Robert Molle (born September 23, 1962) is a Canadian former Olympic freestyle wrestler and professional Canadian Football League (CFL) player.

==Career==
After finishing high school in his hometown of Saskatoon, Saskatchewan, Molle attended Simon Fraser University in Burnaby, British Columbia. At 6 ft 4 in and 275 lb, he joined both the wrestling team and the football team at SFU, and quickly became a standout in both sports. In wrestling, Molle was a four-time NAIA champion.

He was selected to represent Canada at the 1984 Summer Olympics in freestyle wrestling, but suffered a back injury shortly before the tournament that nearly ended his career. Nonetheless, only 18 days after surgery, Molle won a silver medal for Canada as a Super Heavyweight wrestler at the 1984 Olympics in Los Angeles. American wrestler Bruce Baumgartner defeated Molle to win the gold medal.

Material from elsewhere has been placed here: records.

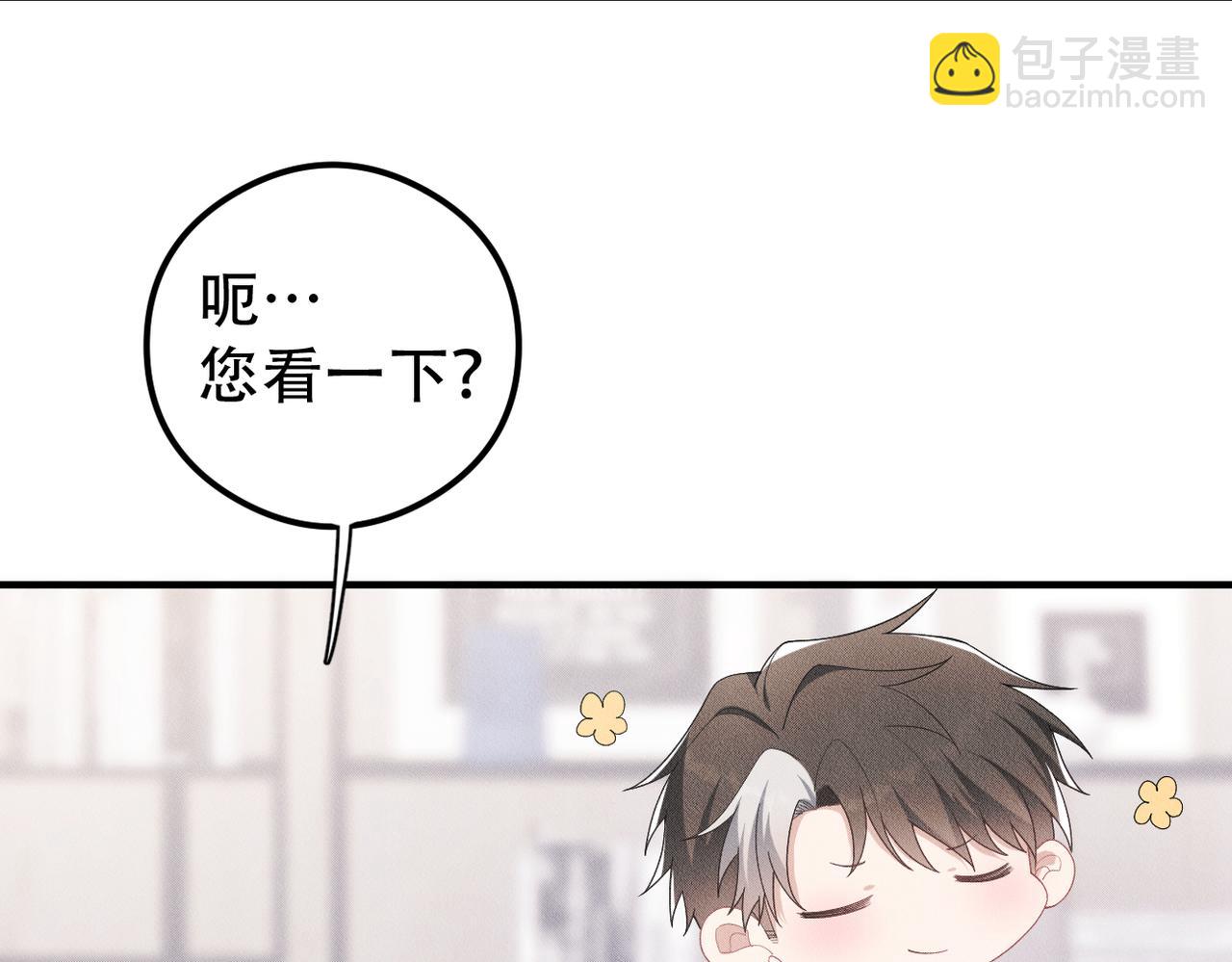 第16话 认真的交易49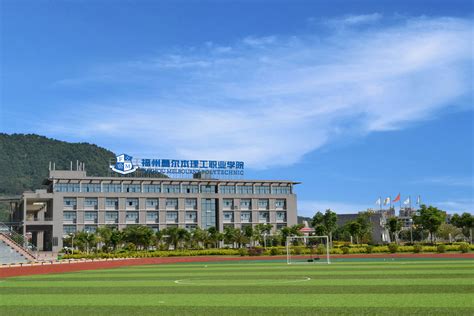 福州一级建造师培训中心
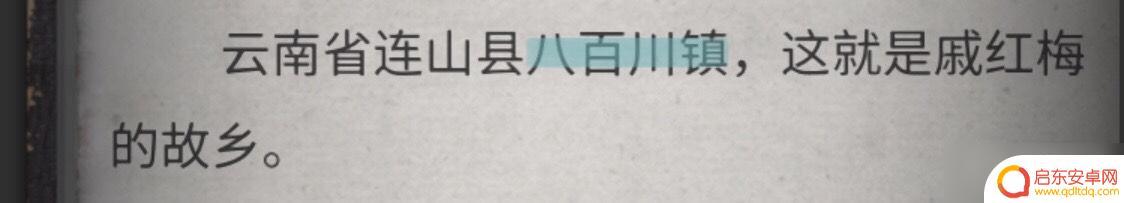 流言侦探怎么标记线索 《流言侦探》全线索方法攻略分享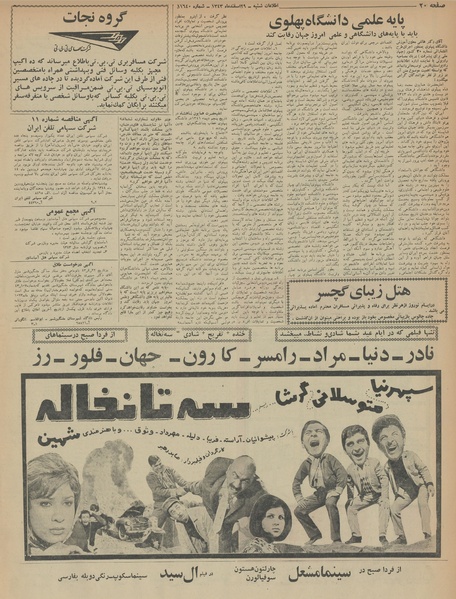 پرونده:Ettelaat13431229.pdf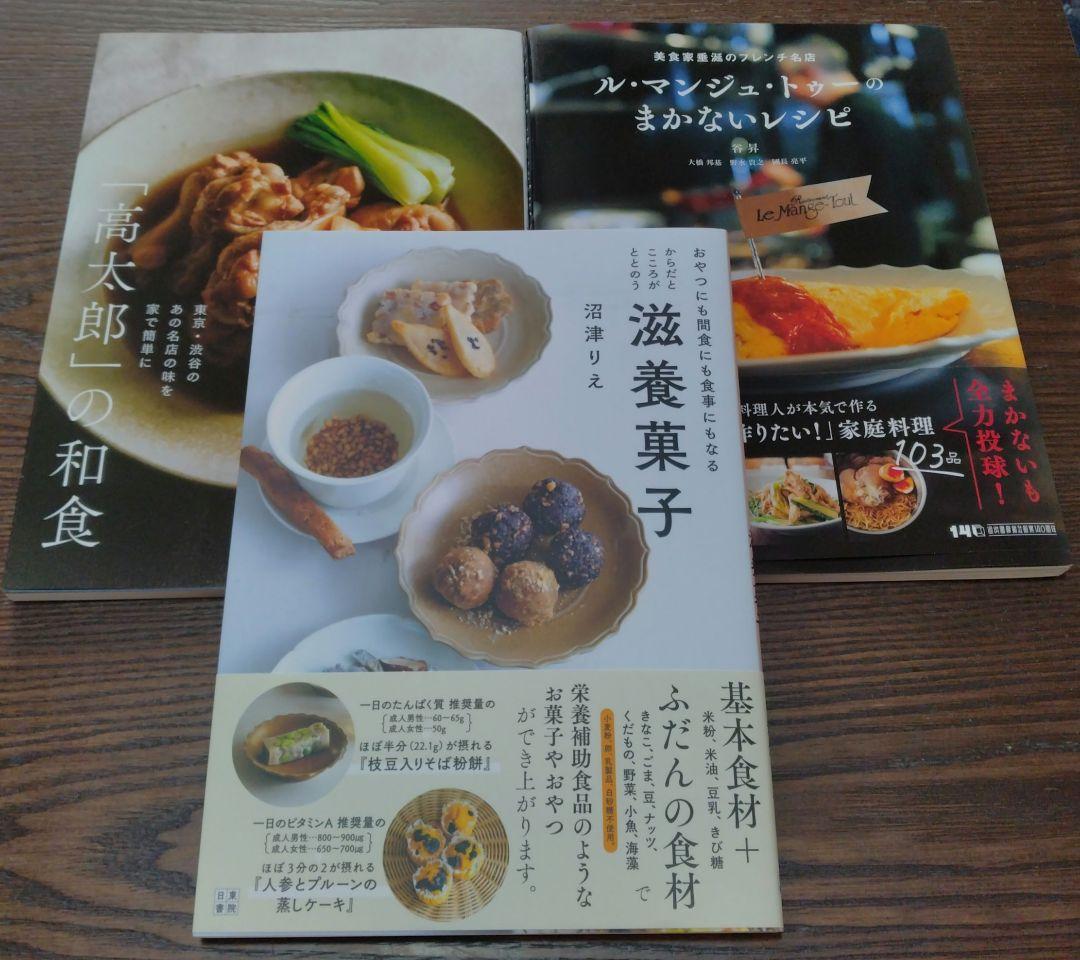 ananas様まとめ　ミクニッツ 小物編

Molle was drafted by the Winnipeg Blue Bombers with the ninth overall pick of the 1985 CFL draft. On November 27, 1988, he hoisted a Grey Cup as a member of the Blue Bombers' offensive line. He won another Grey Cup in 1990 and eventually became a captain of the Blue Bombers. On September 25, 2016, he was inducted into the Blue Bombers Hall of Fame.

He is also a member of the Simon Fraser University Hall of Fame (1990), the NAIA (National Association of Intercollegiate Athletics) Hall of Fame (1991), the Canadian Wrestling Hall of Fame (1992), the Saskatoon Sports Hall of Fame (1993) and the Saskatchewan Sports Hall of Fame (1995).